Uncharted: The Lost Legacy could be the future for the franchise
Normally, canning the main cast of a near 10-year long franchise would set alarm bells ringing, signaling the incoming death of an IP. Forums would be ablaze in the months leading up to release with fans repeatedly hedging their expectations, telling one another that the game will not be able to reach the same heights without the protagonist. That without their beloved captain, their ship was about to hit a proverbial iceberg and go the way of Mass Effect: Andromeda.

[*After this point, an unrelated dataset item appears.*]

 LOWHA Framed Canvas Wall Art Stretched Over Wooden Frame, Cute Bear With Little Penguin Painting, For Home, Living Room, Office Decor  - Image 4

However, the dialogue has been noticeably absent of fear mongering in regards to Uncharted: The Lost Legacy; the fans see no reason to be overly worried, and why would they? Naughty Dog has already proved in 2013 that they can walk their narrative talk with The Last Of Us, that they can write some of the most compelling characters in the business, and they demonstrated it yet again last year by incorporating what they learned into Uncharted 4 by finally making me give a single shit about Nathan Drake.

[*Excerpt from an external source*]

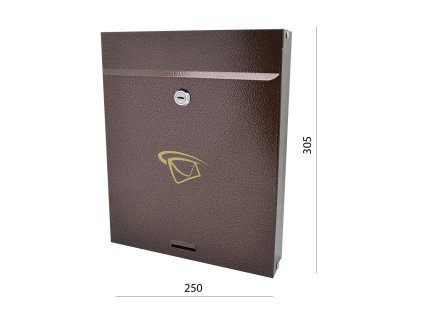 Poštovní schránka (250x305x60mm), max. formát listu: A4, měděná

At the risk of my Twitter mentions going full Fergus Beeley I should clarify that I do like Drake, but I’d be remiss if I didn’t mention that after 3 full games of his incessant quips, I did spend a significant portion of my Uncharted 4 playtime hurling him off of cliffs. And now, after a short hands on with Chloe Frazer in the driver’s seat, I’d personally have given Drake and Sully the boot a few years sooner.

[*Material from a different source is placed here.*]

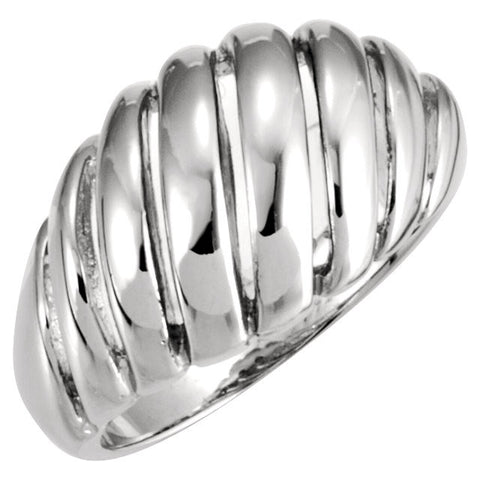 14k White Gold Grooved Ring, Size 6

While I explore the hub world of Halebidu – a quick google search confirms that this is a real place and that Naughty Dog’s research is yet again on point. I found Chloe’s dryer (better) humor was much more to my my liking than the banter Uncharted 4 was filled with. It also contrasted very nicely to her straight talking, no nonsense partner, Nadine Ross. The remarks they threw at one another as they clambered their way up a tower was just good entertainment. This is arguably the most crucial factor to some of the series’ fans.
Character driven narrative is the first and foremost priority in how Naughty Dog develop its titles and The Lost Legacy is no different. It will live or die depending on how the relationship between the two characters develop. The entire game- and possibly the Uncharted series future – is dependant how Chloe and Nadine interact with one another on their adventure.
The Lost Legacy has a shorter run time on average than Uncharted 4, so every second has to be used to familiarise the player with its cast. One example of this is a new, seemingly innocuous lockpick feature, while fundamentally it is just a simple minigame, it is mechanics like these that Naughty Dog use to help emphasise Chloe’s character; in this case, her sly thievery nature.
While Chloe is a well loved character, choosing a new frontwoman in a stand alone title is an important decision, as mentioned above the entire game is built around it. At the preview event I was able to question the creative director Shaun Escayg as to what swung the deal.
“She was intriguing because, she was mysterious, that’s why she was loved. People knew very little about her and she was a blank canvas for us, so we could tell essentially her origin story if you will and get back into her past, like why she is who she is.”
When questioned on why they chose to partner her up with Nadine Ross, Shaun described her “as the best and the worst character to pair Chloe Frazer up with,” that while they were the complete opposites personality wise, “they both share the common self preservation characteristic,” and that was what makes them a good pair.
In Shaun’s own words “The Lost Legacy is the sum of all the Uncharted games, it’s everything you ever loved about Uncharted in one game. We’ve had the four Uncharted’s to use as a foundation, to pick and choose the particular areas we love the most about the games, enhance them, build upon them and refine them.”
It seems like they had a lot more freedom while developing The Lost Legacy development team were not constrained by 3 games worth of history like Uncharted 4, but instead they were able to tell the story they wanted to in an already well established world, with a relatively clean slate character wise. The Lost Legacy is looking a lot less impenetrable than its predecessor and could be a good jumping on point for newcomers.
I asked Arne Meyer, Naughty Dog’s director of communication, about what they have improved upon in regards to the feedback they received from Uncharted 4; the pacing and the puzzles were his answers. They claim that the game now has a more natural flow and that the puzzles in The Lost Legacy are more akin to those found in the original trilogy.
My time with The Lost Legacy was brief, so I can not say if the pacing has improved and I personally didn’t encounter any puzzles, which I found was Uncharted 4’s greatest pitfall. But in my time with the game, I did get to enjoy Chloe’s and Nadine’s back-and-forth as well as some solid stealth action, which culminated in me nicking some bastard’s sniper rifle and popping his mate’s head. I can confirm it is as enjoyable as ever. However, and without a doubt most importantly of all, I didn’t see a single box with wheels that needed pushing.